**Materials provided**:
== Segment start ==

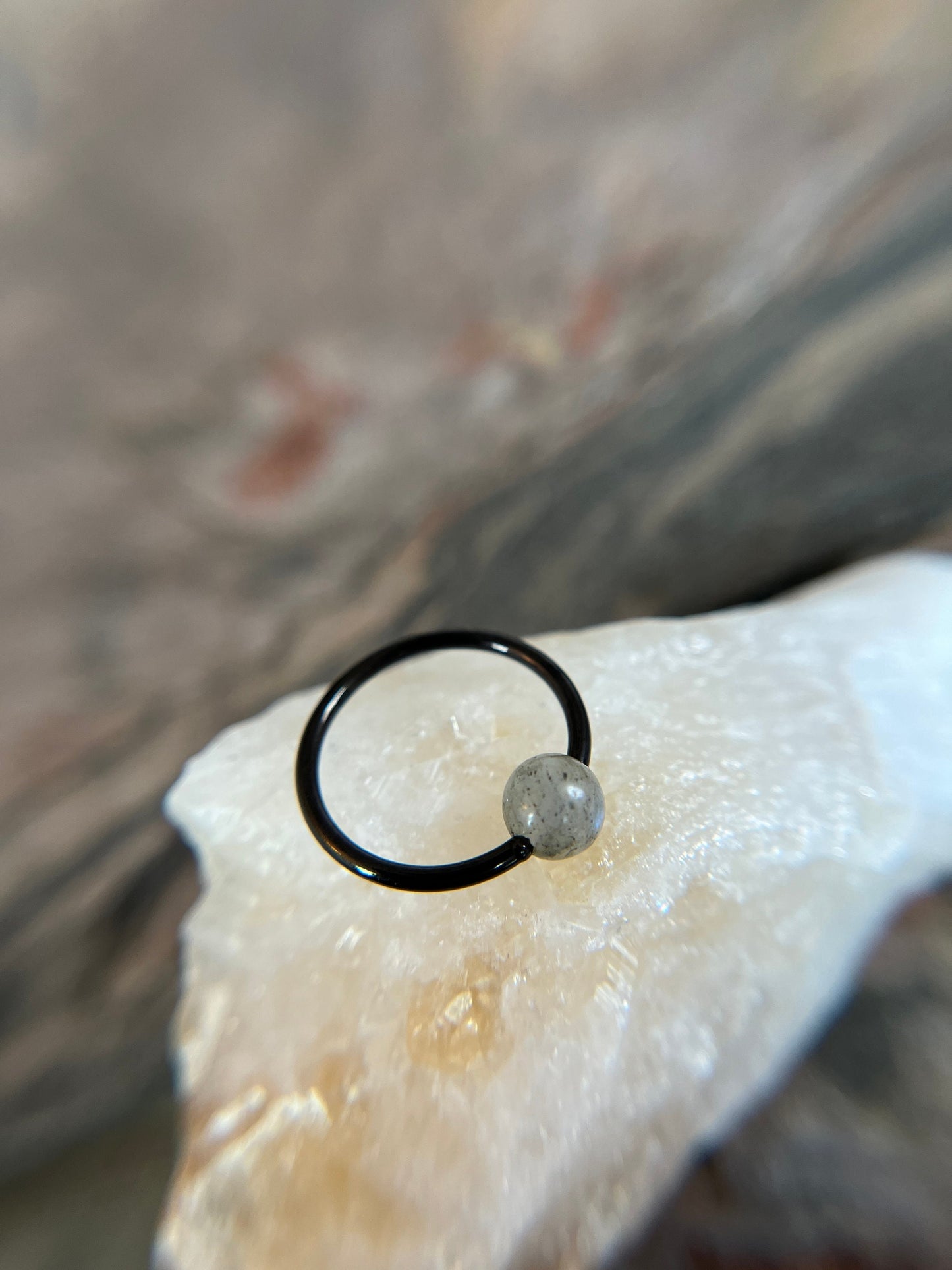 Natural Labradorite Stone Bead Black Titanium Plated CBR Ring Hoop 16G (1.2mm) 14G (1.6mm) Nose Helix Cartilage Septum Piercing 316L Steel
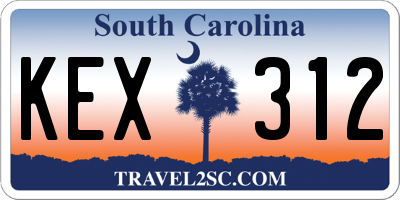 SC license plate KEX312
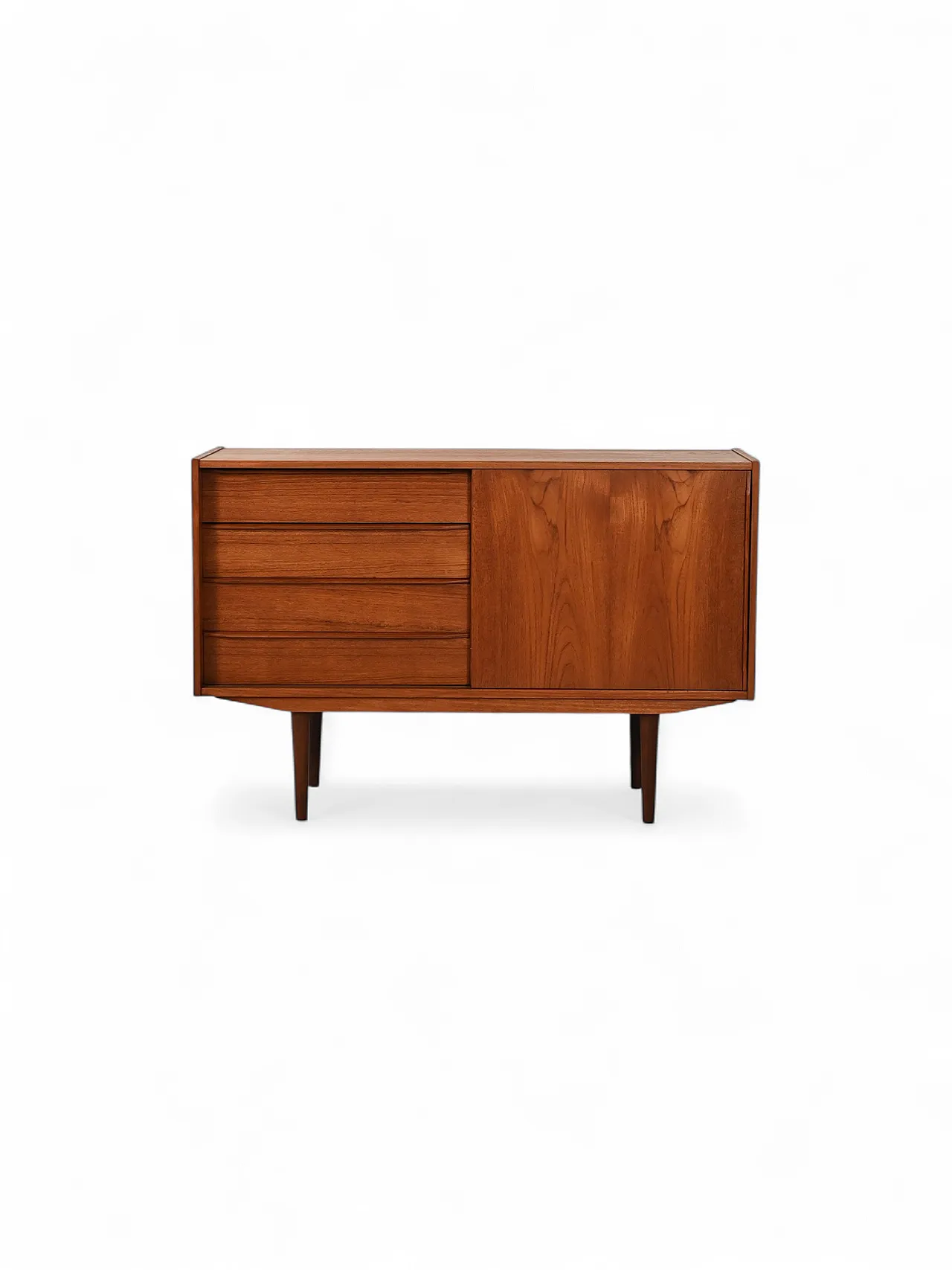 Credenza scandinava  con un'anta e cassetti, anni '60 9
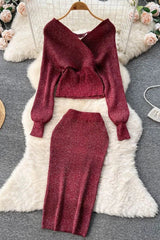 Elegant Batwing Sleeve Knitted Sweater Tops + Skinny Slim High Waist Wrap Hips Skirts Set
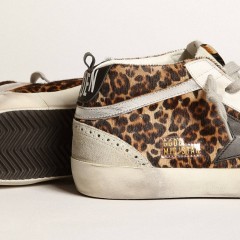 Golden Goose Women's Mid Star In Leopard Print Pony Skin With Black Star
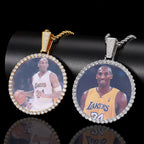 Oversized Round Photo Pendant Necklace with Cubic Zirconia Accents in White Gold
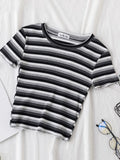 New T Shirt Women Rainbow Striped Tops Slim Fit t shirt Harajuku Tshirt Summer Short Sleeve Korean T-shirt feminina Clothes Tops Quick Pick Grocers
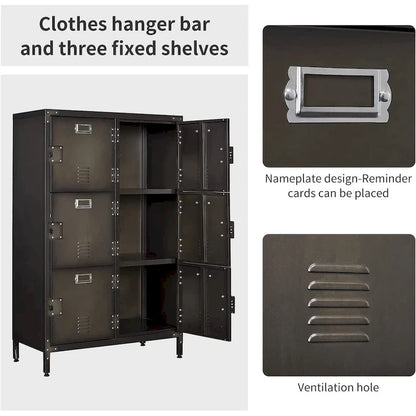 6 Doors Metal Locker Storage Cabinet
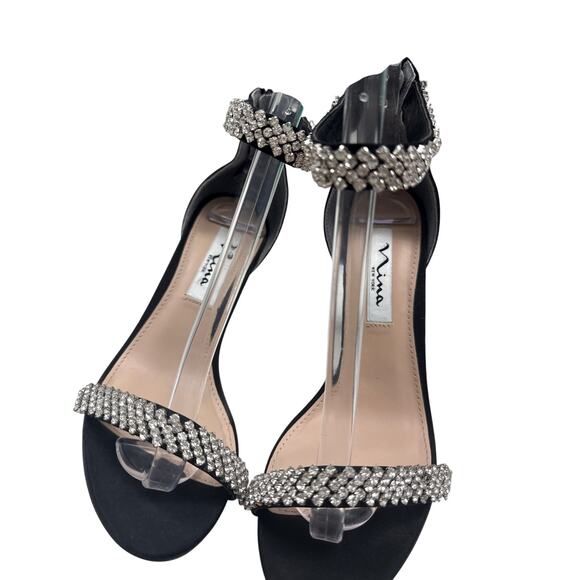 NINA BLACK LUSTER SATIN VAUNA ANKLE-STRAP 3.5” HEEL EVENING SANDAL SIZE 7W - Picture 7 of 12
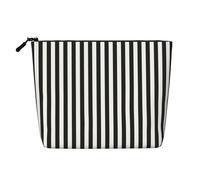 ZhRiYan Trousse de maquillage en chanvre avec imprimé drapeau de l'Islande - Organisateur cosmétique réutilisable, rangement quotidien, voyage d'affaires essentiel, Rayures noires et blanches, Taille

== Segment end ==
== Segment start ==

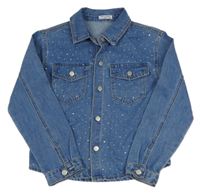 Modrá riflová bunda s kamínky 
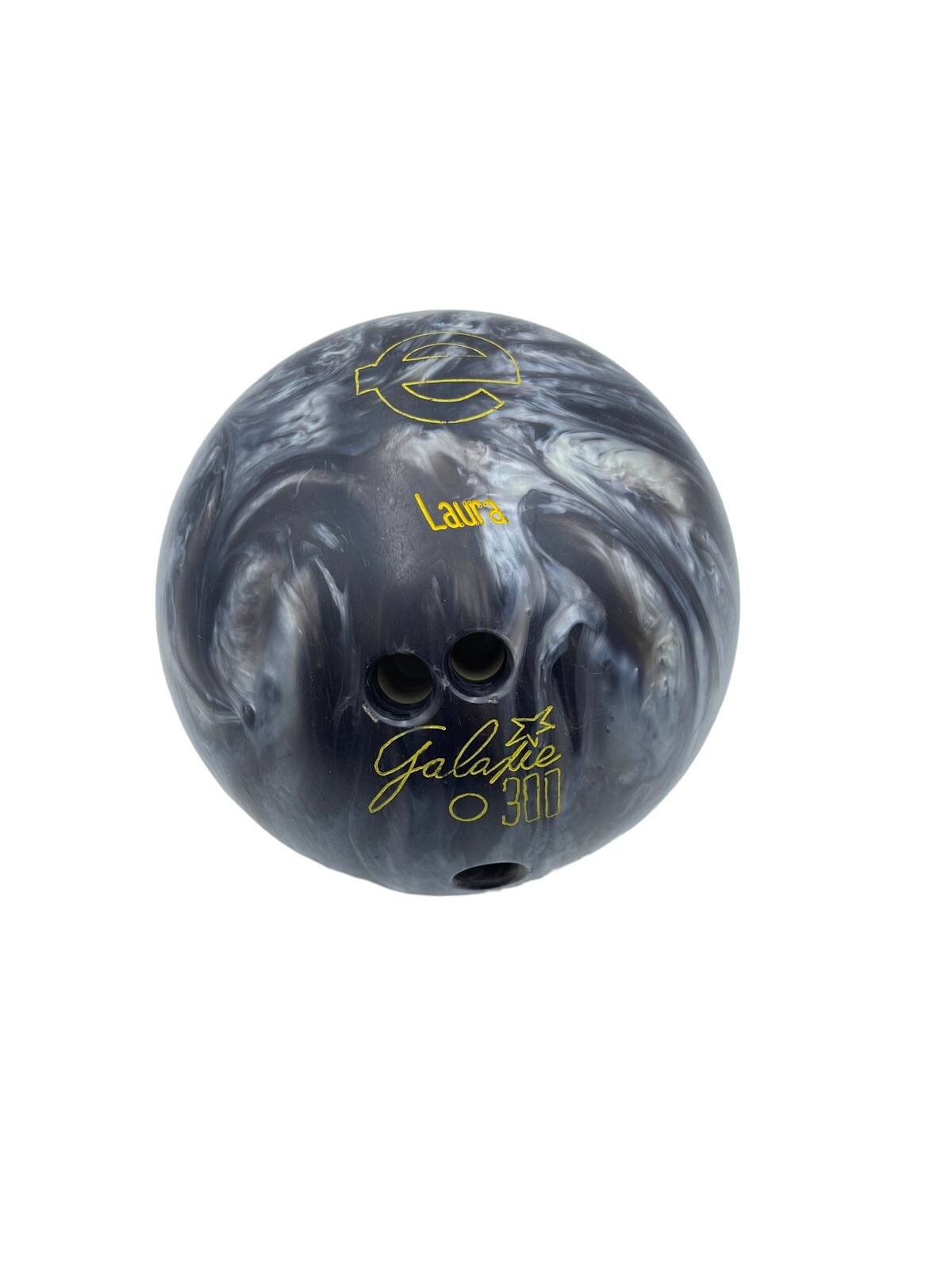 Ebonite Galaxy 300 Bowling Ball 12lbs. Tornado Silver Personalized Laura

== Segment end ==
== Segment start ==

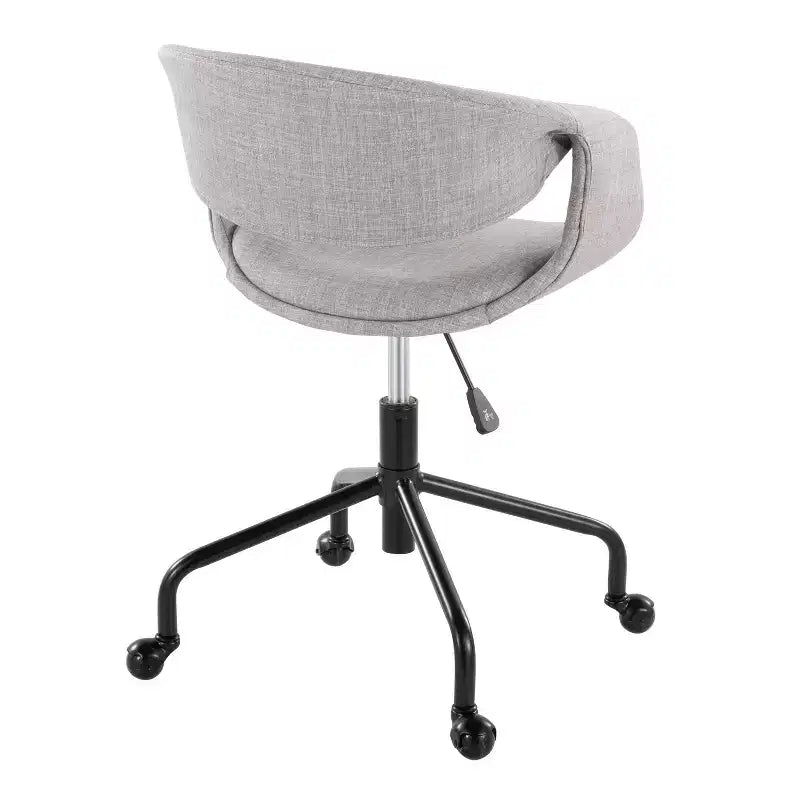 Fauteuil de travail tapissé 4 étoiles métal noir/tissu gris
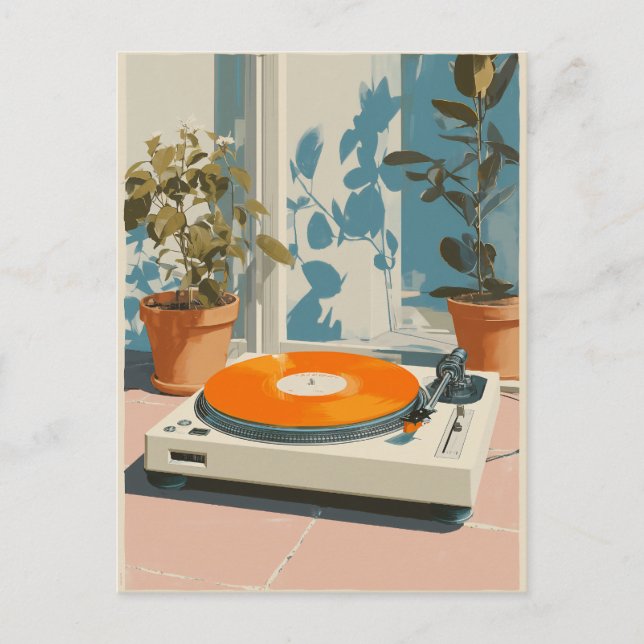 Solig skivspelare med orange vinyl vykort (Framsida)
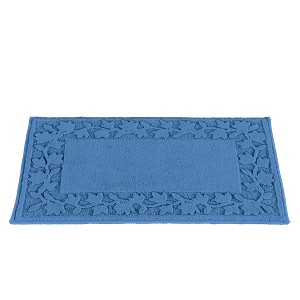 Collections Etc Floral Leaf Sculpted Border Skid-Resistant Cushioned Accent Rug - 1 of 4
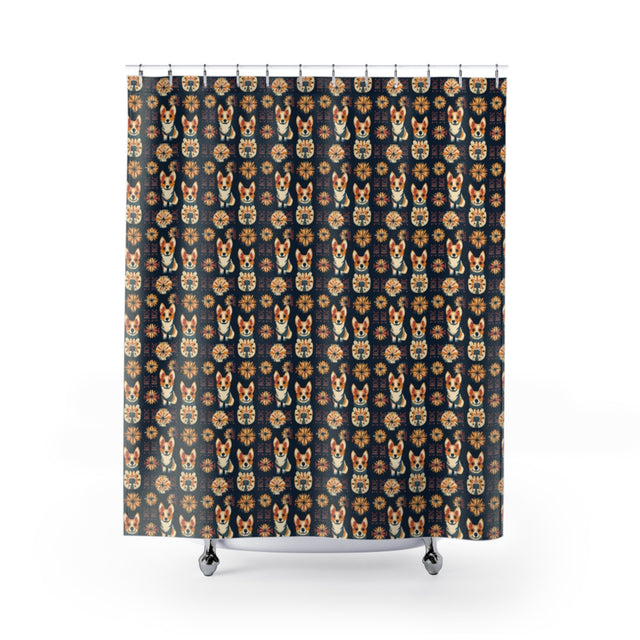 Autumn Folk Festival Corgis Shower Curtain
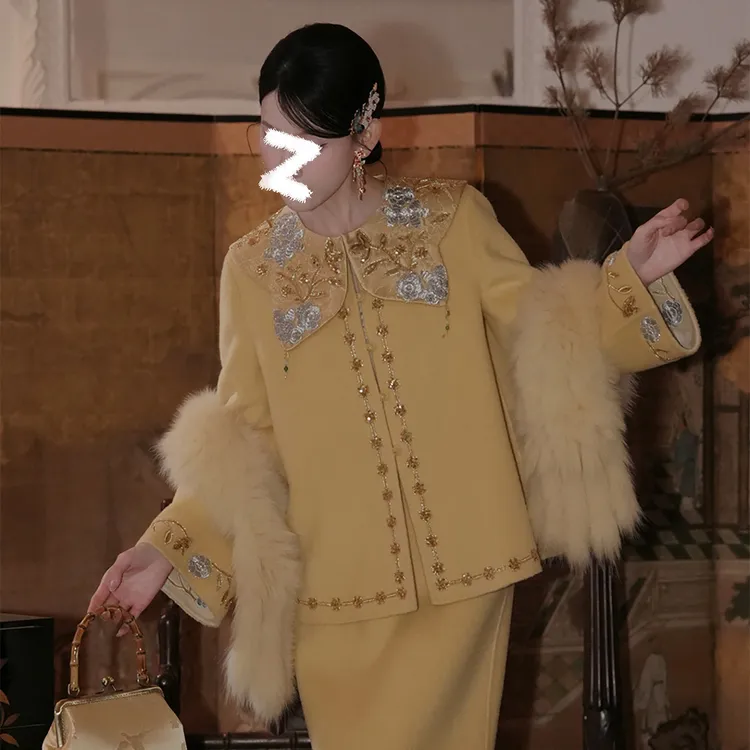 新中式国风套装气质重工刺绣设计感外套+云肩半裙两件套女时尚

== Segment end ==

**Exercise goal**: Return exactly the part of the listing above that opens with the line containing "Fauteuil de travail" and closes with the line containing "新中式国风套装气质重工刺绣设计感外套+云肩半裙两件套女时尚". Pictures stay out.

**Your response**:
 Fauteuil de travail tapissé 4 étoiles métal noir/tissu gris
 Solig skivspelare med orange vinyl vykort (Framsida)
 Collections Etc Floral Leaf Sculpted Border Skid-Resistant Cushioned Accent Rug - 1 of 4
 Autumn Folk Festival Corgis Shower Curtain
 新中式国风套装气质重工刺绣设计感外套+云肩半裙两件套女时尚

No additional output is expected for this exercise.